Here was my response to the question:
”Faith” is any a priori proposition, something we use as a premise for inferences. Other people have mentioned something similar. “Religious faith” is an assumption about truth concerning the supernatural, i.e., “God exists”, “God is a blue octopus”, or “God doesn’t exist”.
Usually these assumptions cannot be proofed true or false (else they would be conclusions and not assumptions); they are subject to a rational actor’s internal epistemological workings and not demonstrable.
Of course, now I that I read it, I’m second guessing it. Religious faith can be demonstrably true or false but that is dependent on another actor’s “internal epistemological workings”. Person A can demonstrate—through, say, the presentation of evidence via reliable authority—that a defeating belief for Person’s B belief in God is wrong. To wit, if Person B disbelieves in God primarily because they believe Christians killed millions of witches in the Medieval period, though it is a non-sequitur, Person B might come to a belief if Person A presents them with evidence by authority that the “9 million women” belief is out-of-this-world untrue.

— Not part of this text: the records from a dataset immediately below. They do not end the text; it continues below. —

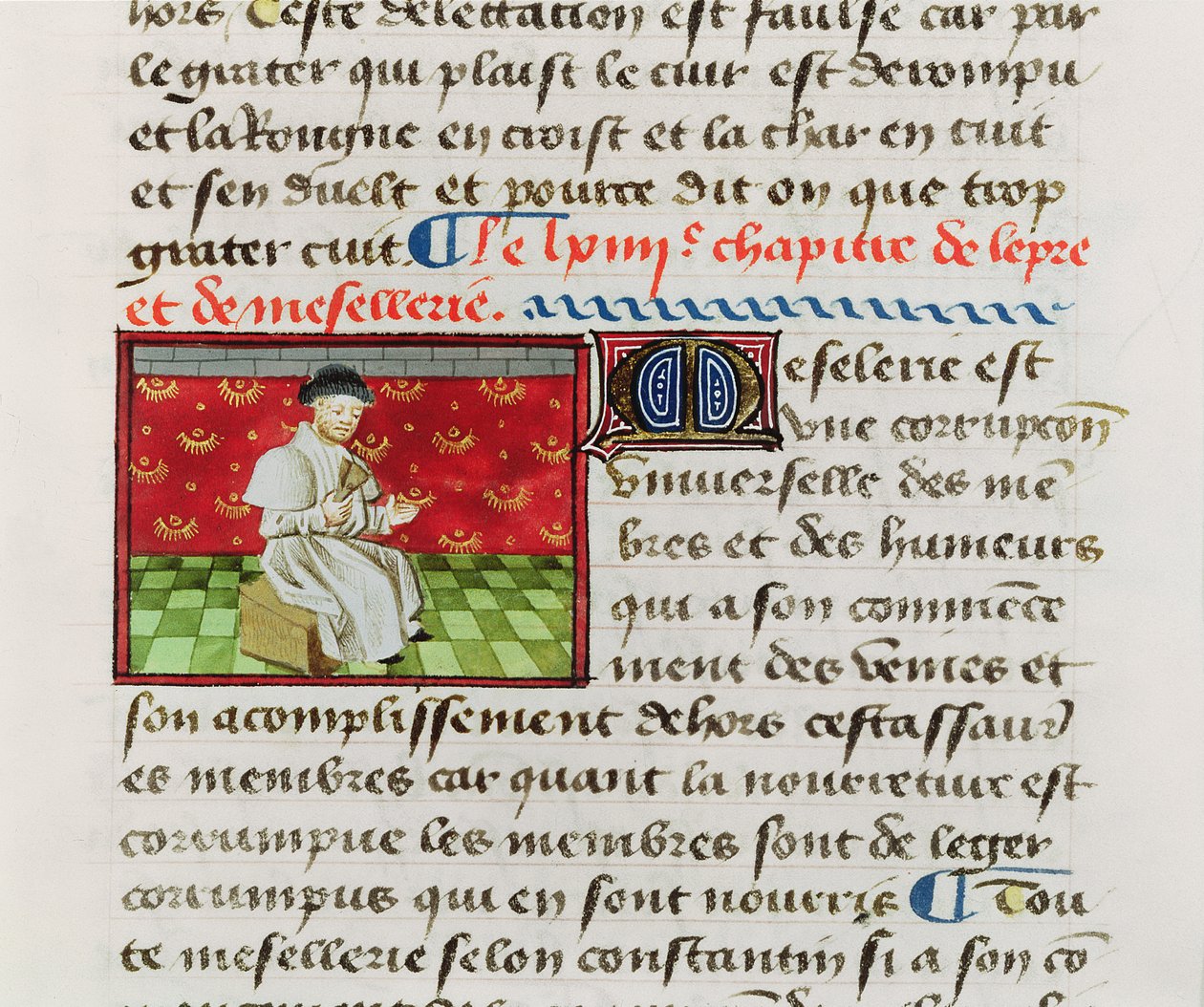 Ms.Fr.22532 Fol.118 Leper, fra Bogen om tingenes egenskaber af Barthelemy lAnglais af French School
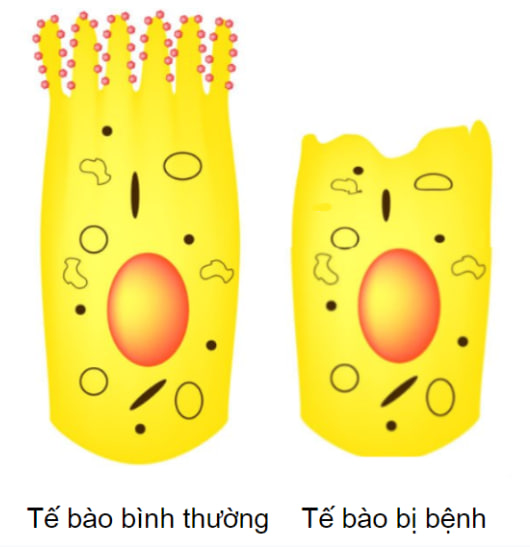 Màng tế bào niêm mạc ruột non bình thường so với màng tế bào của tế bào niêm mạc ruột bất thường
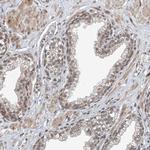 TAF8 Antibody in Immunohistochemistry (Paraffin) (IHC (P))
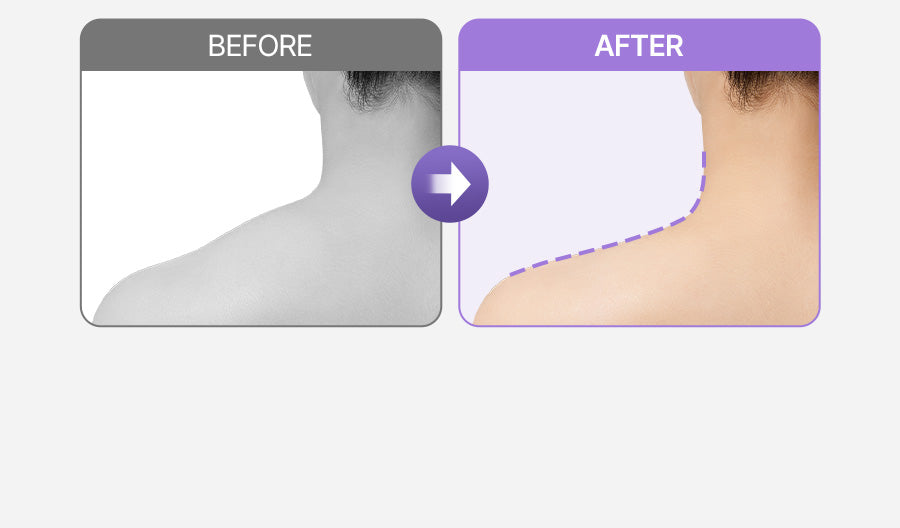 [BALANCE FIT] - Neck & Shoulder Massager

In this scenario, Person A isn’t dissolving a belief about God and replacing it with another belief about God, Person A is removing a barrier to further epistemic action such that Person B, believing God doesn’t exist because of an historical mass murder, is now able to exercise better epistemic due diligence concerning God’s existence.
I still somewhat maintain, as Plantinga does, that beliefs about God—any belief save for maybe strong agnosticism— is a priori, like sense perception or the rules of logic, unable to be arrived to rationally (or scientifically, if you really want to shoehorn the religion vs. science dichotomy). In this way, most beliefs about God are unscientific* yet not in the way skeptics like to frame the debate.
*An interesting note about unscientific belief. 99% of what we believe about what science has taught humanity is taken a priori (faithfully), via the reliable authority of scientists and journalists. Unless we do the (instrument aided) sense perception and inductive logic** that entails experiments ourselves, reliable authority is as close as we’ll ever be.
**Don’t forget Hume’s infamous problem of induction, a further element of faith involved with knowledge brought about by the scientific method.